Recorded data
^^^^^^^^

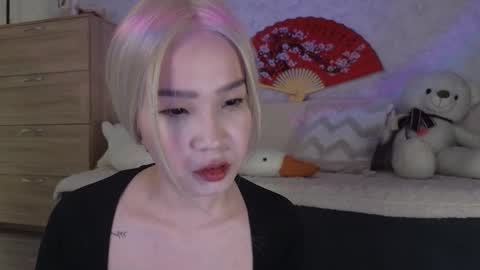 Snapshot of saya_lin chatting on 17, 12, 2025 Saya online show from 17, 12, 2025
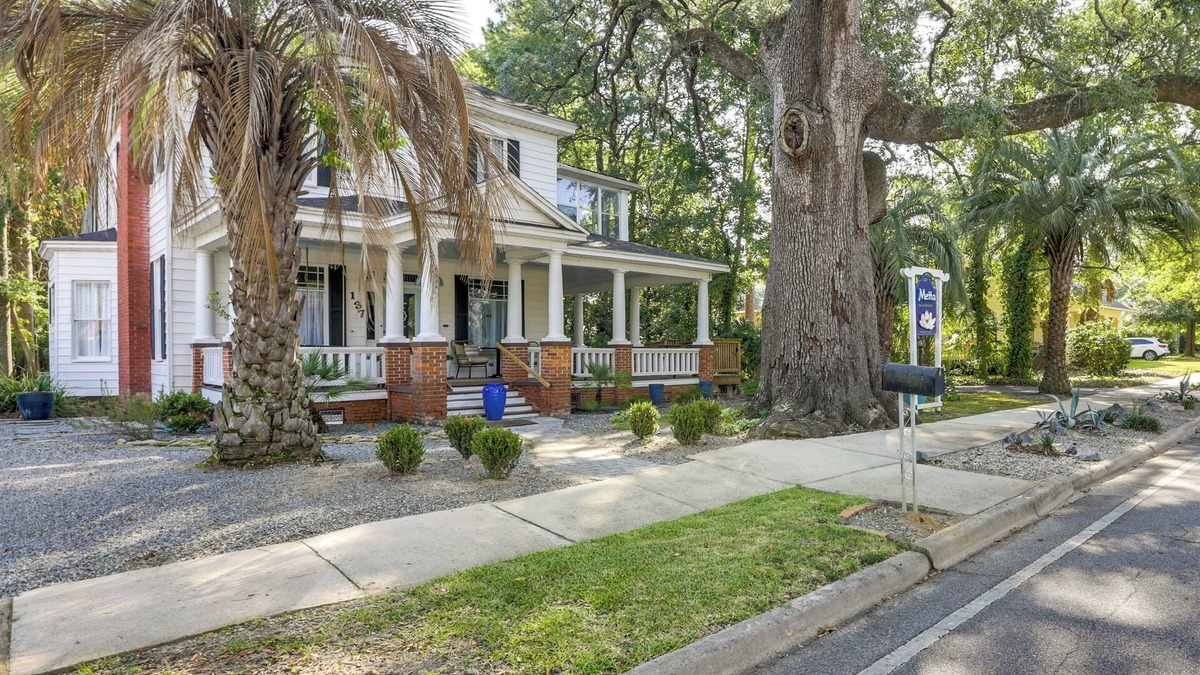 Thomasville House | Charming Thomasville Getaway: Walk to Downtown!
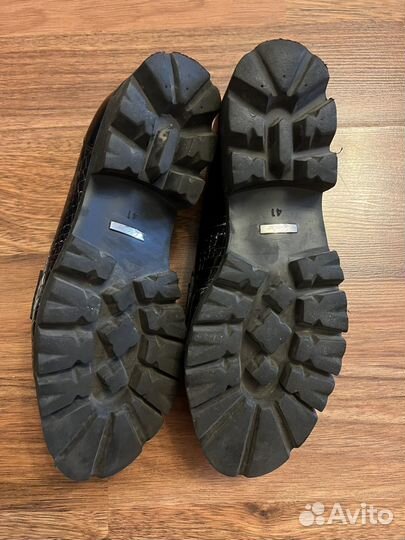 Лакированные лоферы с кисточками, 41 размер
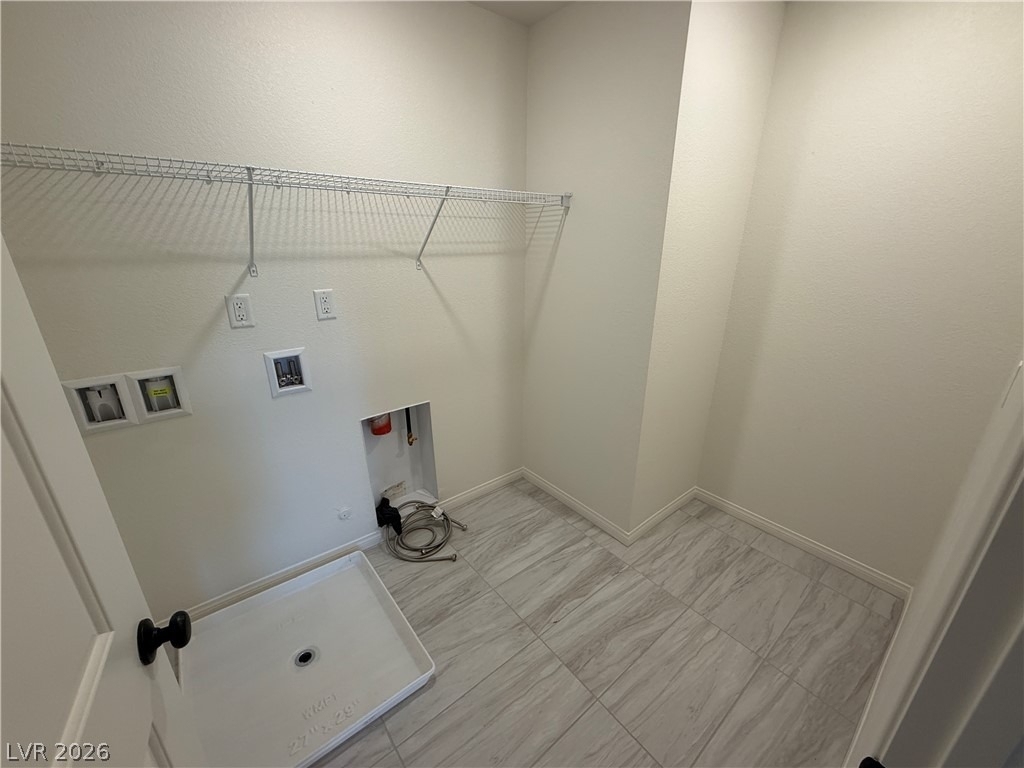 8030 Minavalle Avenue - Photo 20
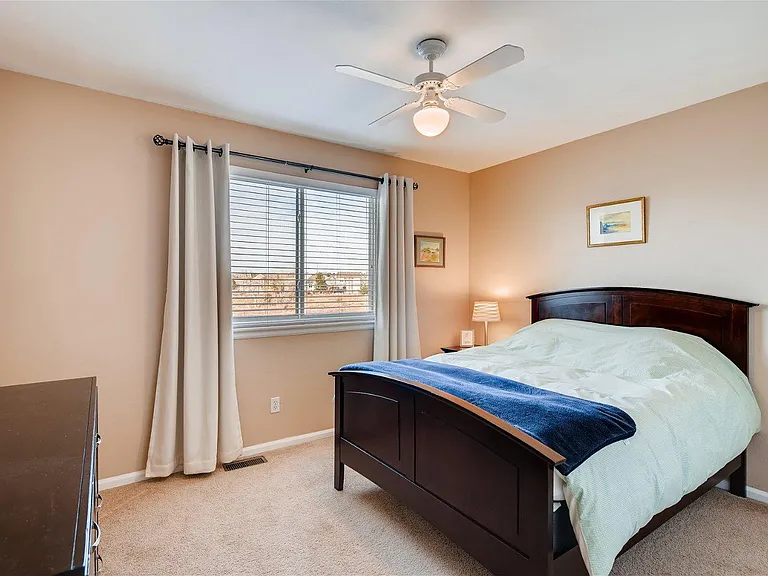 2489 Cove Creek Ct — Photo 18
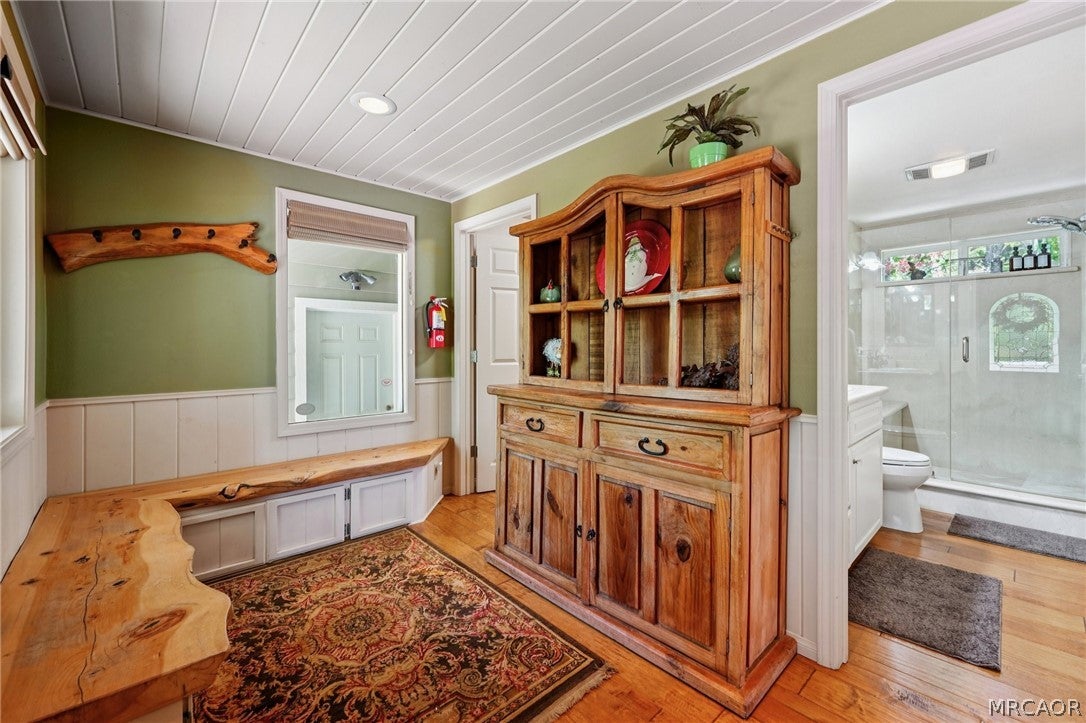 483 Cienega Rd, Big Bear Lake, CA, 92315, USA, 4 Bedrooms Bedrooms, ,3 BathroomsBathrooms,Residential,Active,483 Cienega Rd,32601124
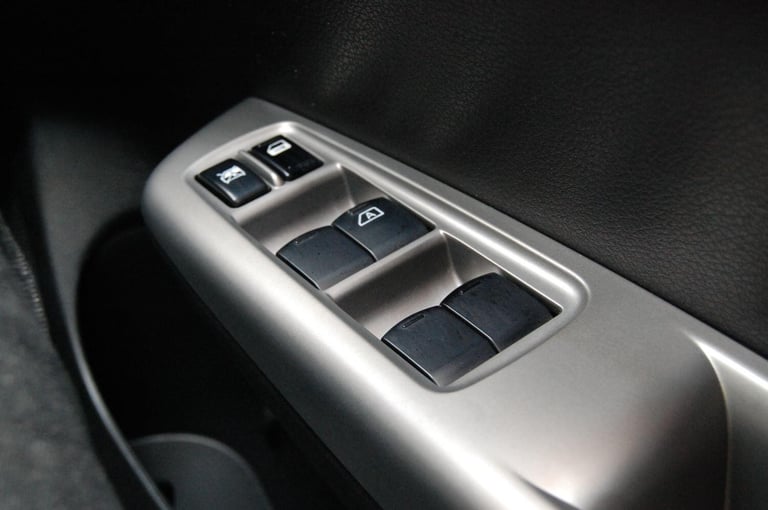 SUBARU IMPREZA IMPREZA 2.0GT Silver Auto Petrol 2009
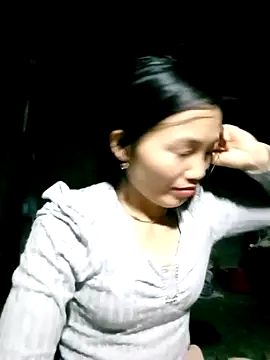 Snapshot of ngan-cute chatting on November 9, 1:53 pm ngan-cute online show from November 9, 1:53 pm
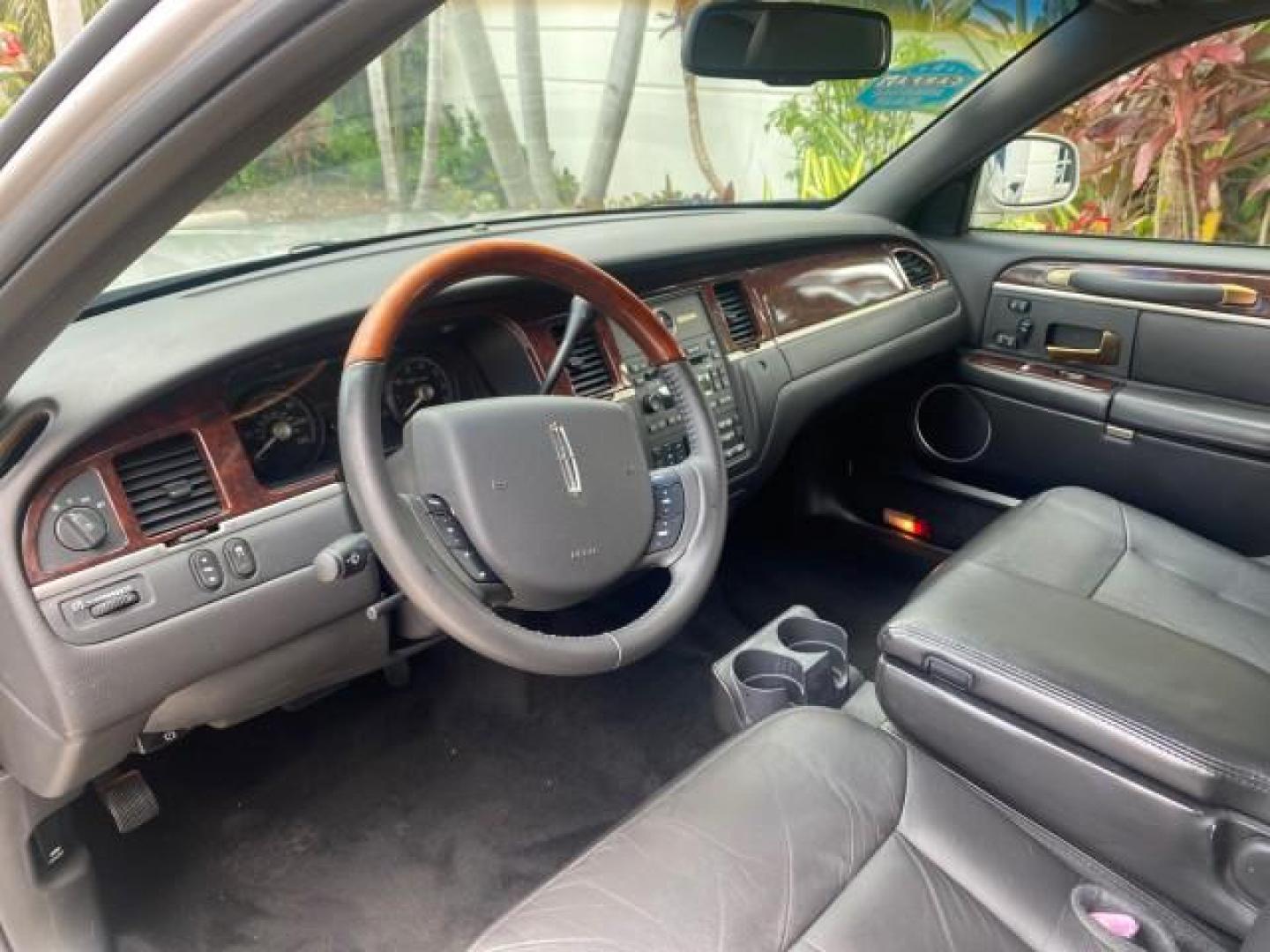 2009 Silver Birch Metallic /Black Lincoln Town Car Signature Limited LOW MILES 50,225 (2LNHM82V49X) with an 4.6L SOHC EFI V8 FFV Engine engine, Automatic transmission, located at 4701 North Dixie Hwy, Pompano Beach, FL, 33064, (954) 422-2889, 26.240938, -80.123474 - OUR WEBPAGE FLORIDACARS1.COM HAS OVER 100 PHOTOS AND FREE CARFAX LINK 2009 LINCOLN TOWN CAR SIGNATURE LIMITED VIN: 2LNHM82V49X626935 2 L N H M 8 2 V 4 9 X 6 2 6 9 3 5 SEDAN 4 DR 4.6L V8 F SOHC 16V FLEX FUEL 24 MPG REAR WHEEL DRIVE Features ABS Brakes Air Conditioning Alloy Wheels AM/FM Stereo Audiop - Photo#49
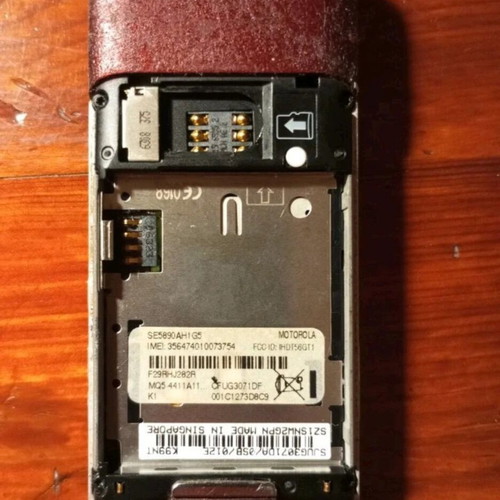 Motorola MQ5 4411-A11 mobile phone used, red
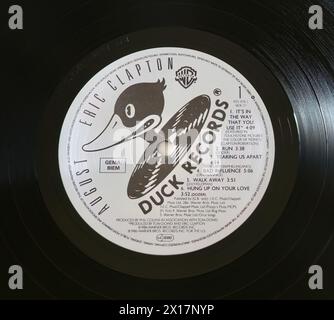 Foto Nahaufnahme eines Zentrums-Labels auf einer Original-Pressung der langlebigen LP August von Eric Clapton aus dem Jahr 1986 Stockfoto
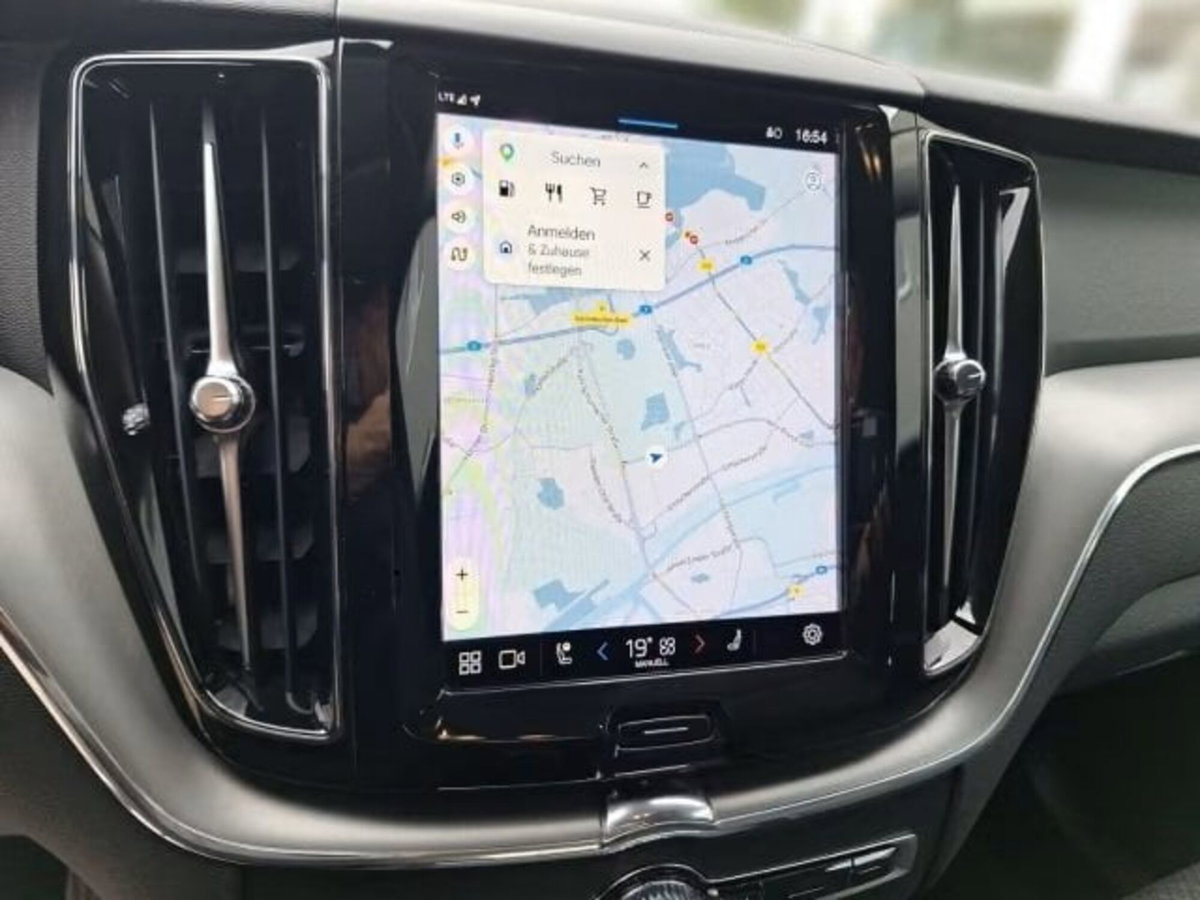 Volvo XC60 B4 automatico Core (9)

^^^^^^^^

What needs to be done
Pictures are to be left out when the lines from the one containing "Foto Nahaufnahme eines" through the end of the records above are repeated exactly; no other line is wanted.

Solution for this problem
 Foto Nahaufnahme eines Zentrums-Labels auf einer Original-Pressung der langlebigen LP August von Eric Clapton aus dem Jahr 1986 Stockfoto
 Volvo XC60 B4 automatico Core (9)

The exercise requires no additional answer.